=== Task goal ===
Pictures aside, reproduce exactly and only the lines from the one containing "BLUE SEA 4001" through the end of the records.

(Short web captions)
=======
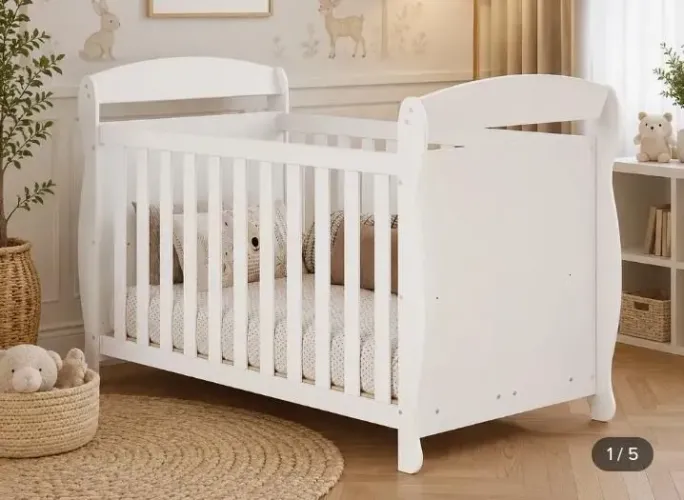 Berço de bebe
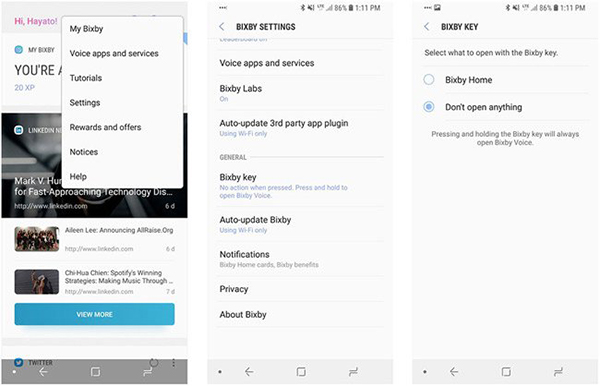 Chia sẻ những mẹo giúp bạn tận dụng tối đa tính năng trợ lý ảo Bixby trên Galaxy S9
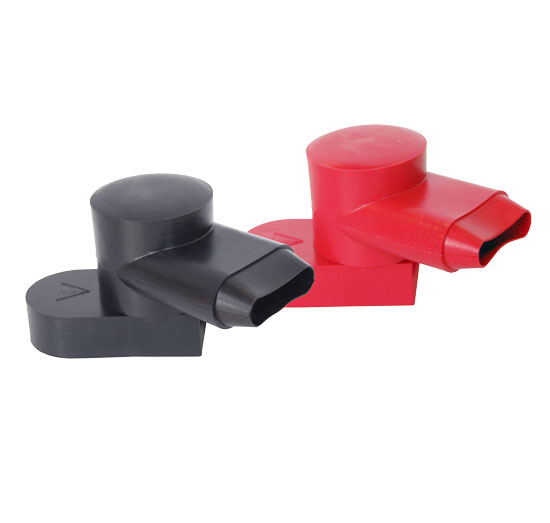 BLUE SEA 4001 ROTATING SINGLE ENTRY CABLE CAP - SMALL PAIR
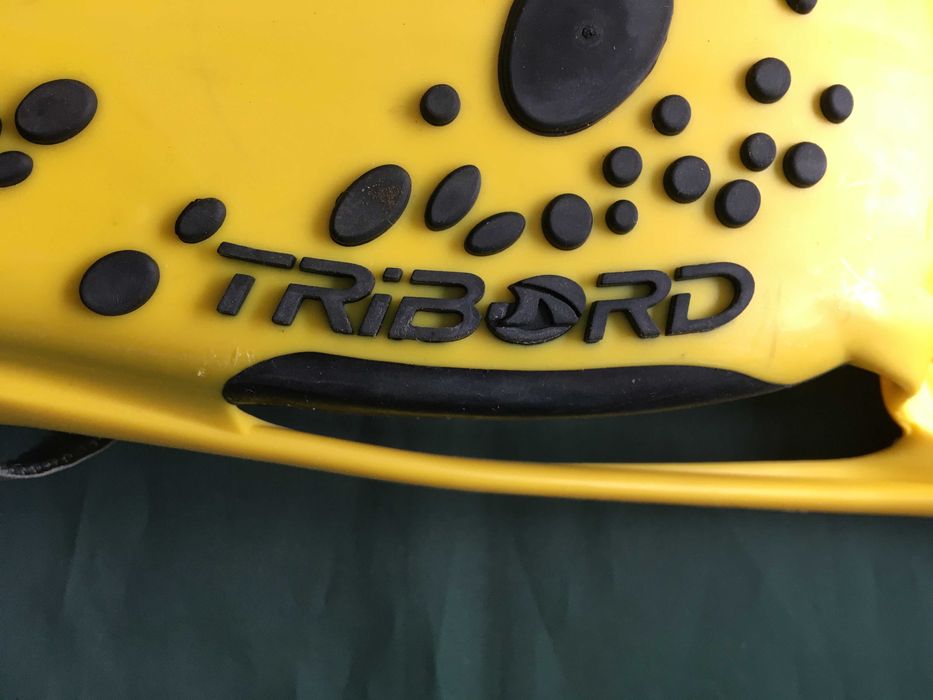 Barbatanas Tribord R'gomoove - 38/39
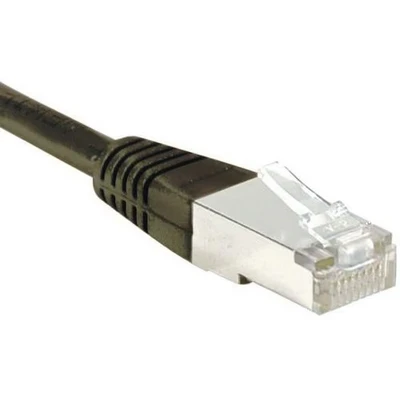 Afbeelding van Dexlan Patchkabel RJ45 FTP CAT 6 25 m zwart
=======
=== Your solution ===
 BLUE SEA 4001 ROTATING SINGLE ENTRY CABLE CAP - SMALL PAIR
 Barbatanas Tribord R'gomoove - 38/39
 Afbeelding van Dexlan Patchkabel RJ45 FTP CAT 6 25 m zwart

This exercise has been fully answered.